Both the earlier and the new edition of the Waves
have attracted adequate critical attention. This is obvious from the many
comments by a number of creative writers and critics that are either recorded in
the new edition itself or appear as the blurbs printed on the jacket. That
establishes that the new edition particularly has been very well received in
literary circles and is bound to sell well. In my views among the many English
translations of Kashmiri verse that I have come across in my long career, the Waves
stands out as an innovative volume, which should go down as a landmark in its
own right. The new edition contains translations of six more short lyrics of
Majboor. These bear the titles Word, A Gamble, Loneliness, Sensuality,
Longing and A Poet's Helplessness. In terms of their thematic concerns,
they are in perfect accord with the poet's lyrics used in the first edition;
they too reflect his inner urges as a poet & the values he cherishes most.
His major concern with language and meaning and his aspiration for the return
of peace in the valley (and for a better world order) are easily discernable in
the new set of poems too.

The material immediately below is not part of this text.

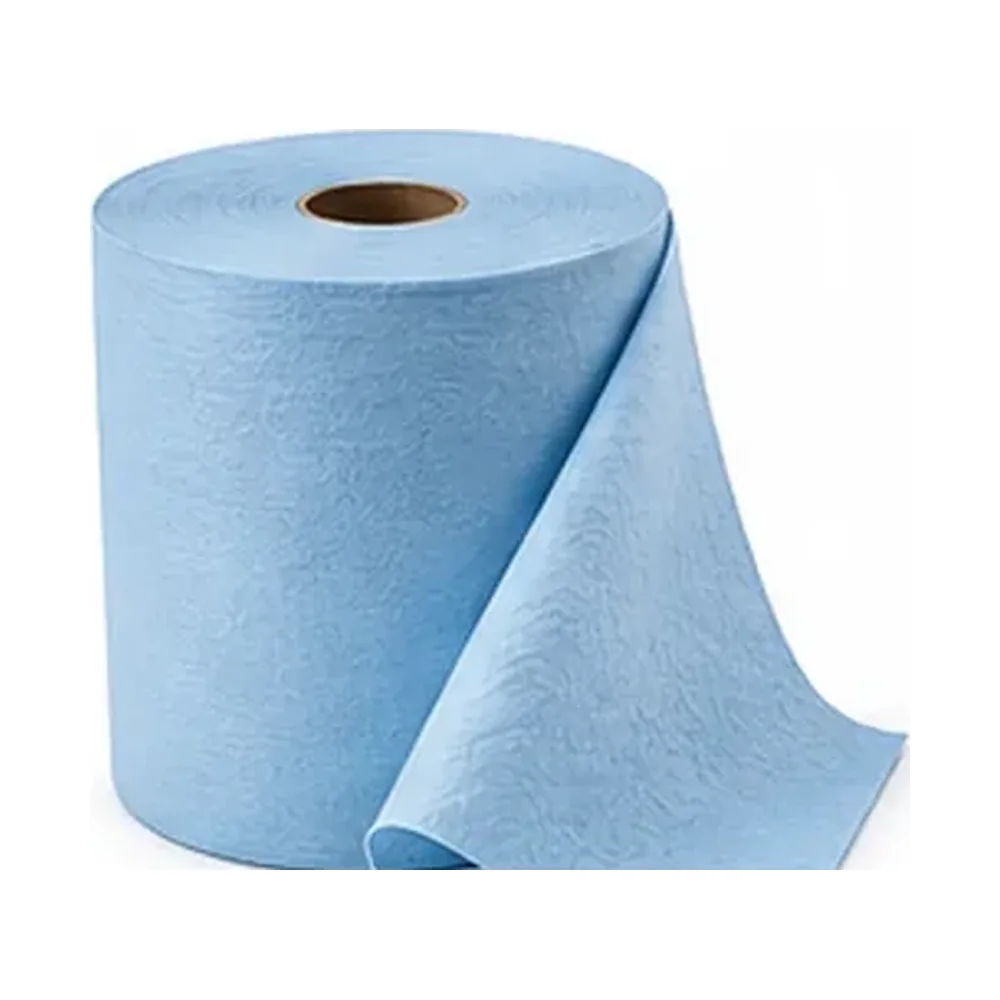 Workshop Wiper Rolls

The Word brings out the significance of
language as man's unique gift, which "preserves" him and his cultural
riches. The poem A Gamble is replete with images of ugliness,
disharmony, death and destruction. It highlights the contrast between a
'pebble' pitted against ‘the mountain' as its adversary. In
Loneliness, the poet advises us to curb the mind's "indolence",
sweeten our lives with "honey", turn our gaze to the starry firmament
and thus transform the feeling of "desolateness" into joy. The poem Sensuality
involves an interplay of images aimed at highlighting the destructive aspect of
human passions. The poem Longing expresses a romantic aspiration the poet's
fancy "seeking to hover in the sky". In the sixth poem titled A
Poet's Helplessness, we are given an imagistic account of what the loss
of imaginative powers means to a poet.
Finally, I come to the translator's note. Herein Gigoo has
succinctly expounded his theory and practice of literary translation, trying
to justify the transformation that the original poems have undergone in his
hands on terms of syntax and lexis. He claims that "the life, meaning and
soul of the original continue to throb and flow and vibrate" in the
translations. My feeling is that while Arvind Gigoo, as a translator of Kashmiri
lyrics into English, has at places not adhered to the principles of ‘equivalence'
and ‘acceptability’ considered essential to a sound literary translation, he has
on the whole, given proof of his genius and originality through his creative
command of English and his innovativeness as a translator.